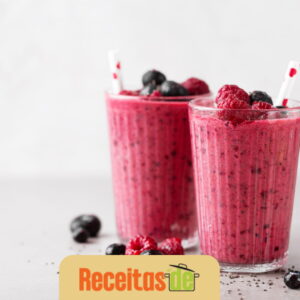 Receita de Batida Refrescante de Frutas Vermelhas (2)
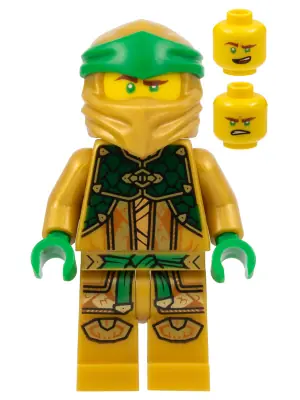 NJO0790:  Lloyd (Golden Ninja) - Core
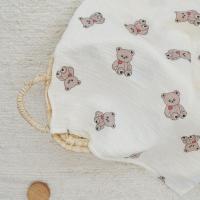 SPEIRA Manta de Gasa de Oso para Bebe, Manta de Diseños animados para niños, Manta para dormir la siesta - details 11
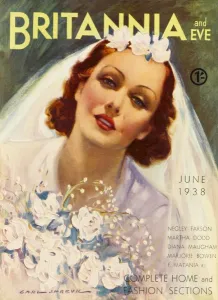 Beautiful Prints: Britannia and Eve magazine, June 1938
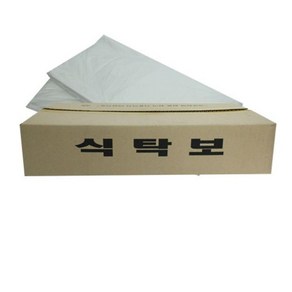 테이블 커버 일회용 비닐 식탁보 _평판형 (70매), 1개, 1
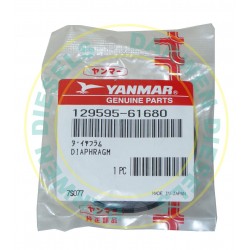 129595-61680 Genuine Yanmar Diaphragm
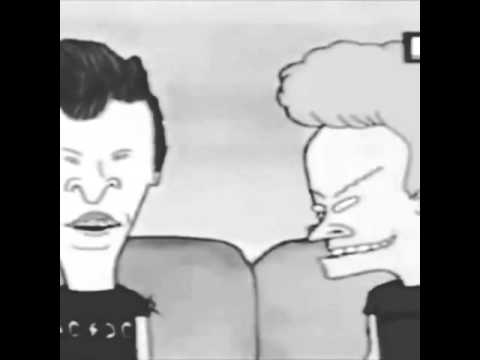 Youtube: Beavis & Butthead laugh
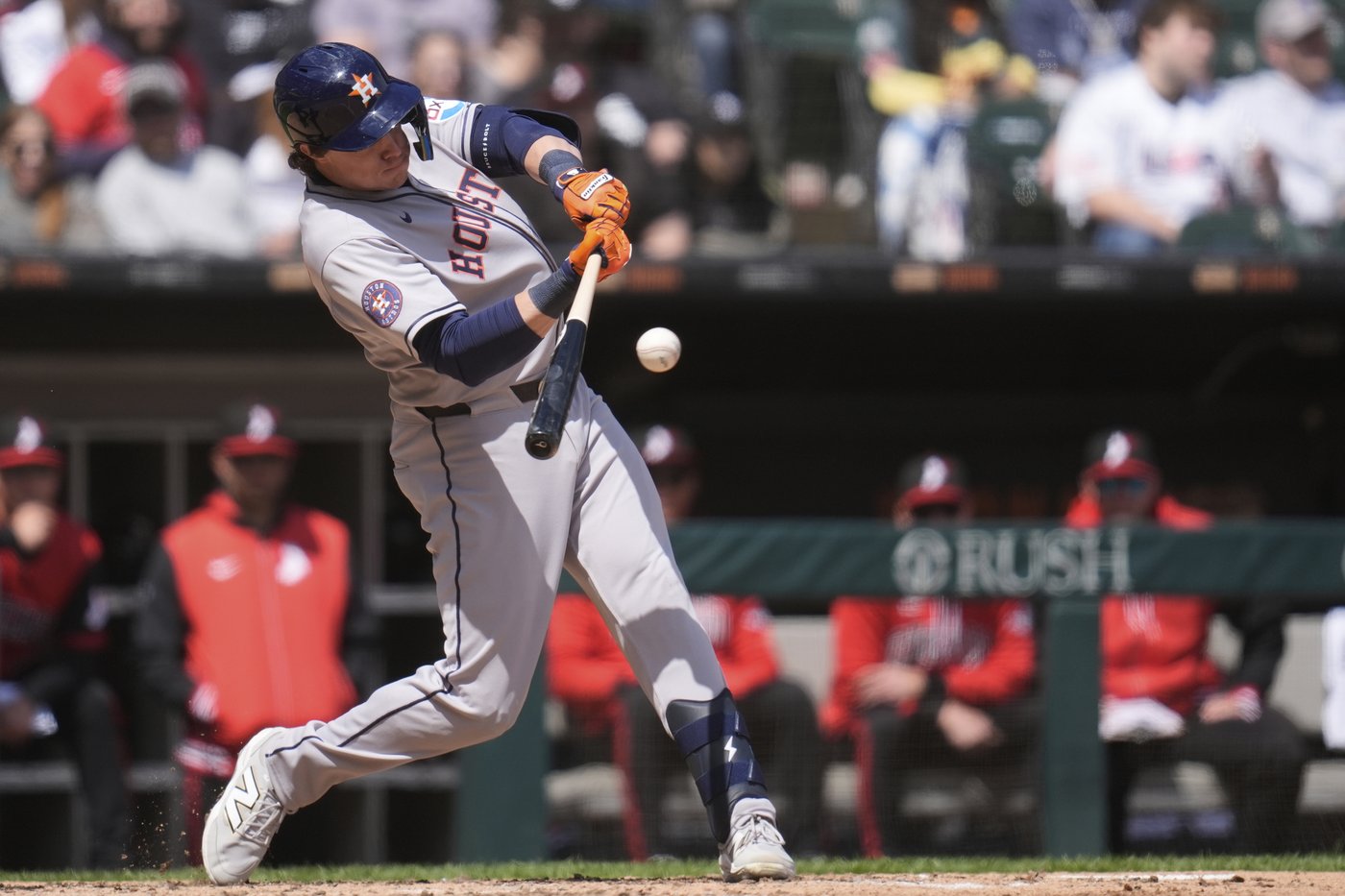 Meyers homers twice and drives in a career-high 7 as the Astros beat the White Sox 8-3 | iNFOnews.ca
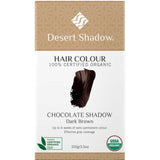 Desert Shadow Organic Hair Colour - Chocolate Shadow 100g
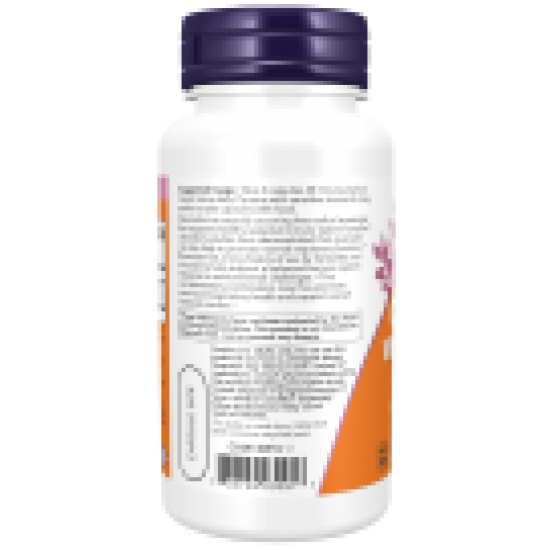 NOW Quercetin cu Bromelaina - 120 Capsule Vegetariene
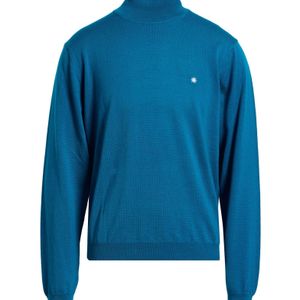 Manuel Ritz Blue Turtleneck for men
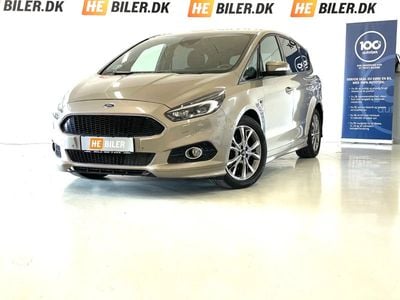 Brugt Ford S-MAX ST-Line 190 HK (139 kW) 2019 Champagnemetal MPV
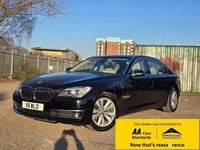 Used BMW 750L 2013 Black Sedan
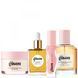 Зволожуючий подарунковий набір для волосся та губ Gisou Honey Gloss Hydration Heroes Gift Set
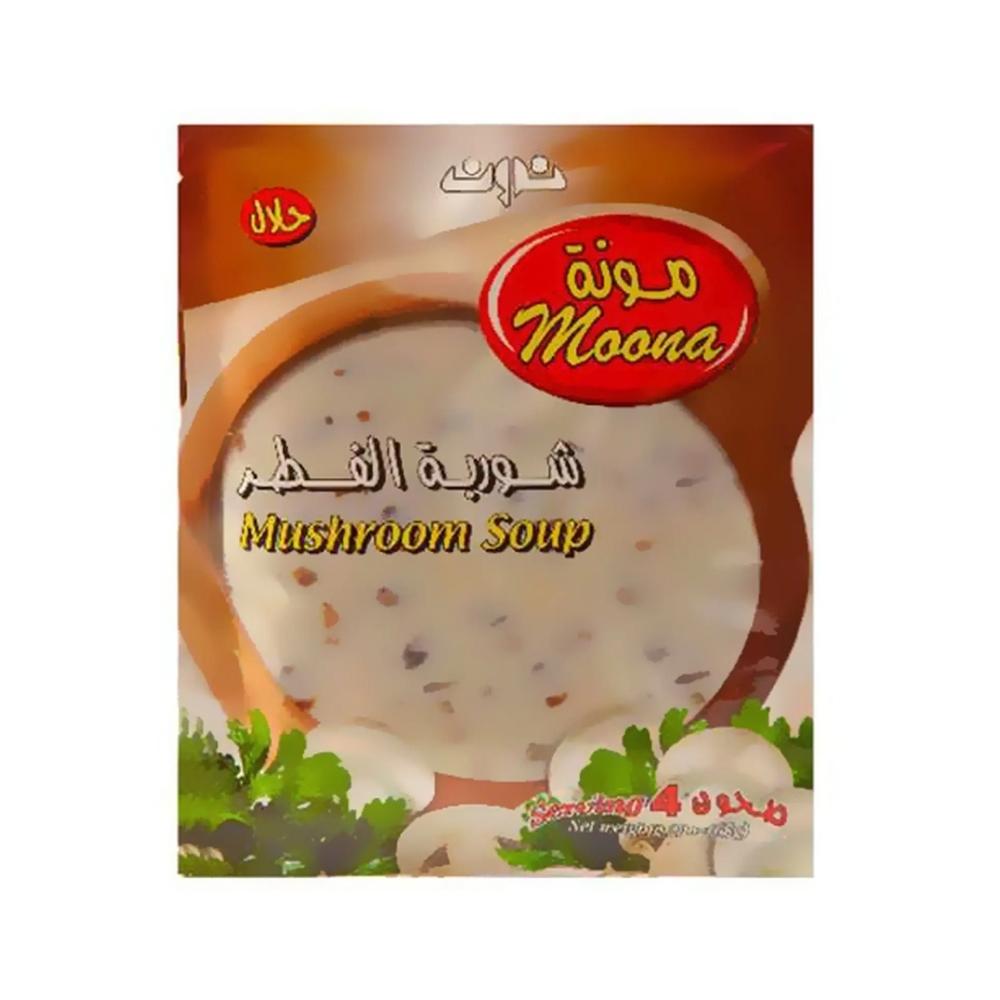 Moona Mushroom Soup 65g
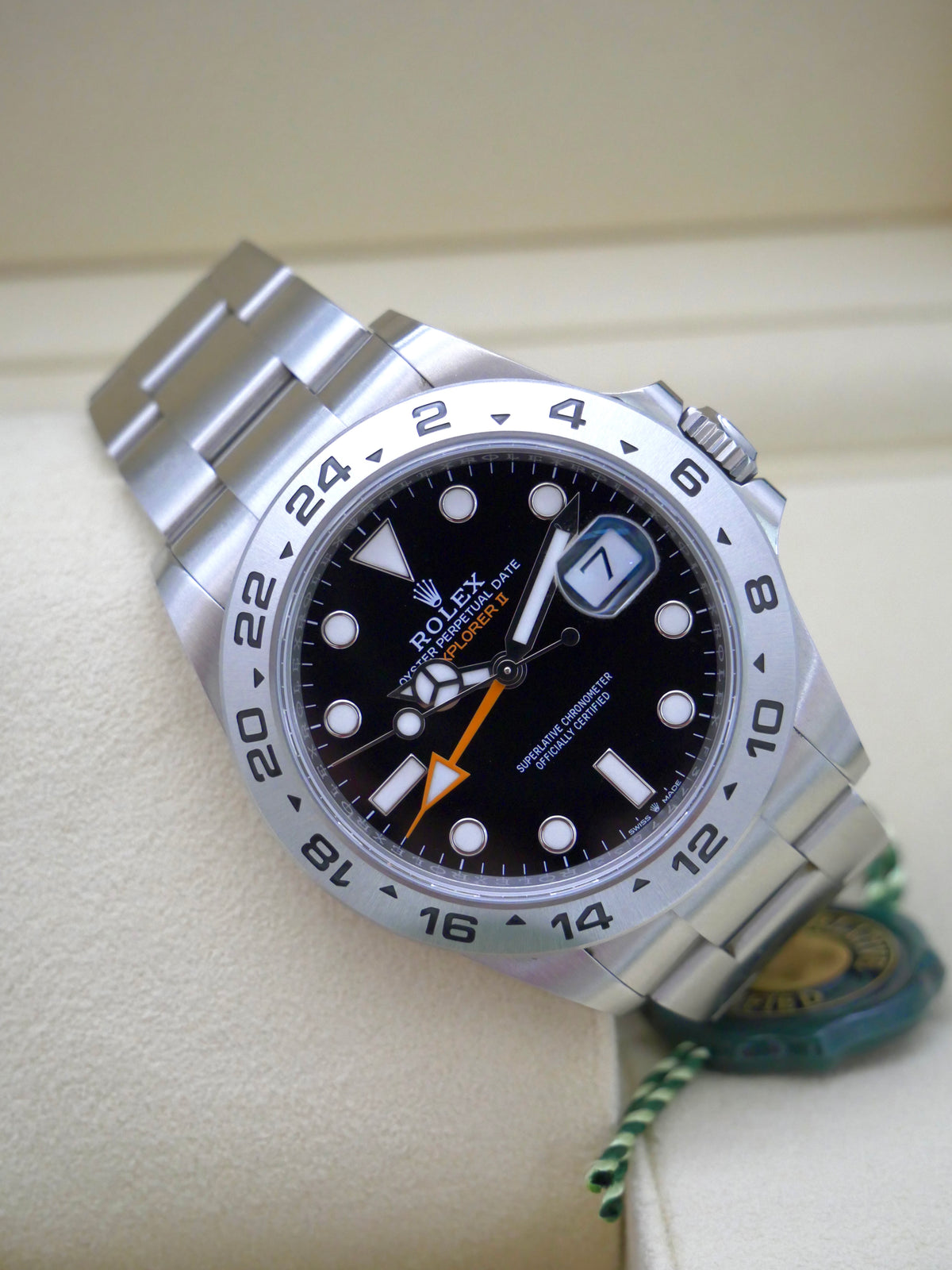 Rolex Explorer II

= = = = =

■ **Description of the task**
Omitting all pictures, set the listing down exactly.

■ **Output for this task**
 Receita de Batida Refrescante de Frutas Vermelhas (2)
 NJO0790:  Lloyd (Golden Ninja) - Core
 SPEIRA Manta de Gasa de Oso para Bebe, Manta de Diseños animados para niños, Manta para dormir la siesta - details 11
 Beautiful Prints: Britannia and Eve magazine, June 1938
 테이블 커버 일회용 비닐 식탁보 _평판형 (70매), 1개, 1
 129595-61680 Genuine Yanmar Diaphragm
 Youtube: Beavis & Butthead laugh
 Meyers homers twice and drives in a career-high 7 as the Astros beat the White Sox 8-3 | iNFOnews.ca
 Desert Shadow Organic Hair Colour - Chocolate Shadow 100g
 NOW Quercetin cu Bromelaina - 120 Capsule Vegetariene
 Manuel Ritz Blue Turtleneck for men
 Brugt Ford S-MAX ST-Line 190 HK (139 kW) 2019 Champagnemetal MPV
 Used BMW 750L 2013 Black Sedan
 Зволожуючий подарунковий набір для волосся та губ Gisou Honey Gloss Hydration Heroes Gift Set
 Moona Mushroom Soup 65g
 Rolex Explorer II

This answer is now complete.